Delving into a wide range of source material McAllister finds evidence he believes proves that modern man is inferior to his predecessors in, among other fields, the basic Olympic athletics disciplines of running and jumping.
His conclusions about the speed of Australian aboriginals 20,000 years ago are based on a set of footprints, preserved in a fossilised claypan lake bed, of six men chasing prey.
An analysis of the footsteps of one of the men, dubbed T8, shows he reached speeds of 37 kph on a soft, muddy lake edge. Bolt, by comparison, reached a top speed of 42 kph during his then world 100 metres record of 9.69 seconds at last year’s Beijing Olympics.
In an interview in the English university town of Cambridge where he was temporarily resident, McAllister said that, with modern training, spiked shoes and rubberised tracks, aboriginal hunters might have reached speeds of 45 kph.
“We can assume they are running close to their maximum if they are chasing an animal,” he said.
“But if they can do that speed of 37 kph on very soft ground I suspect there is a strong chance they would have outdone Usain Bolt if they had all the advantages that he does.
“We can tell that T8 is accelerating towards the end of his tracks.”
McAllister said it was probable that any number of T8’s contemporaries could have run as fast.
“We have to remember too how incredibly rare these fossilisations are,” he said. “What are the odds that you would get the fastest runner in Australia at that particular time in that particular place in such a way that was going to be preserved?”
Turning to the high jump, McAllister said photographs taken by a German anthropologist showed young men jumping heights of up to 2.52 metres in the early years of last century.
“It was an initiation ritual, everybody had to do it. They had to be able to jump their own height to progress to manhood,” he said.
“It was something they did all the time and they lived very active lives from a very early age. They developed very phenomenal abilities in jumping. They were jumping from boyhood onwards to prove themselves.”
McAllister said a Neanderthal woman had 10 percent more muscle bulk than modern European man. Trained to capacity she would have reached 90 percent of Schwarzenegger’s bulk at his peak in the 1970s.
“But because of the quirk of her physiology, with a much shorter lower arm, she would slam him to the table without a problem,” he said.
Manthropology abounds with other examples:
* Roman legions completed more than one-and-a-half marathons a day (more than 60 kms) carrying more than half their body weight in equipment.
* Athens employed 30,000 rowers who could all exceed the achievements of modern oarsmen.
*Australian aboriginals threw a hardwood spear 110 metres or more (the current world javelin record is 98.48).
McAllister said it was difficult to equate the ancient spear with the modern javelin but added: “Given other evidence of Aboriginal man’s superb athleticism you’d have to wonder whether they couldn’t have taken out every modern javelin event they entered.”
Why the decline?
“We are so inactive these days and have been since the industrial revolution really kicked into gear,” McAllister replied. “These people were much more robust than we were.
“We don’t see that because we convert to what things were like about 30 years ago.
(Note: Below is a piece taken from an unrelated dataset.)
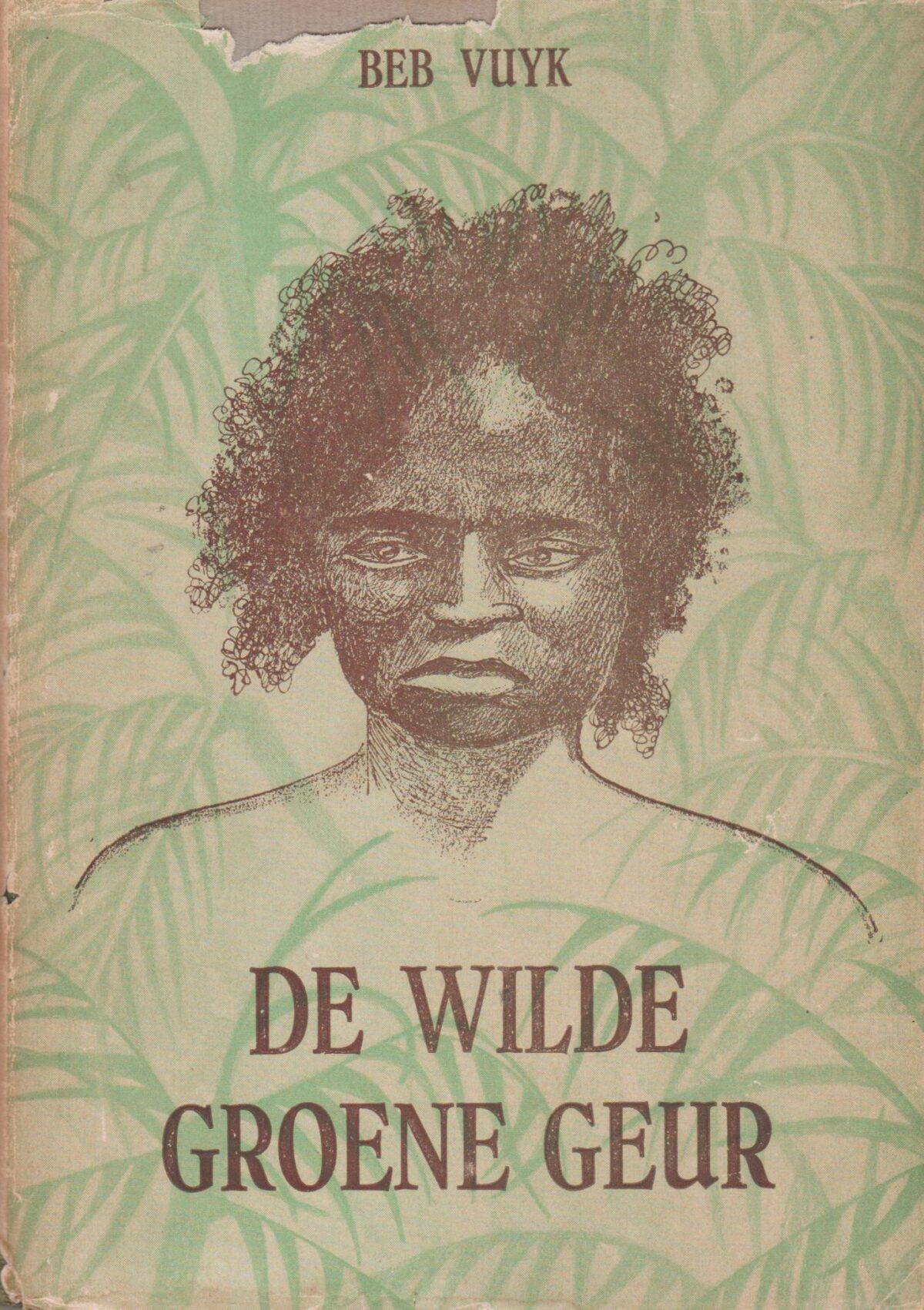 De wilde groene geur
There’s been such a stark improvement in times, technique has improved out of sight, times and heights have all improved vastly since then but if you go back further it’s a different story.
“At the start of the industrial revolution there are statistics about how much harder people worked then.
“The human body is very plastic and it responds to stress. We have lost 40 percent of the shafts of our long bones because we have much less of a muscular load placed upon them these days.
“We are simply not exposed to the same loads or challenges that people were in the ancient past and even in the recent past so our bodies haven’t developed. Even the level of training that we do, our elite athletes, doesn’t come close to replicating that.
“We wouldn’t want to go back to the brutality of those days but there are some things we would do well to profit from.”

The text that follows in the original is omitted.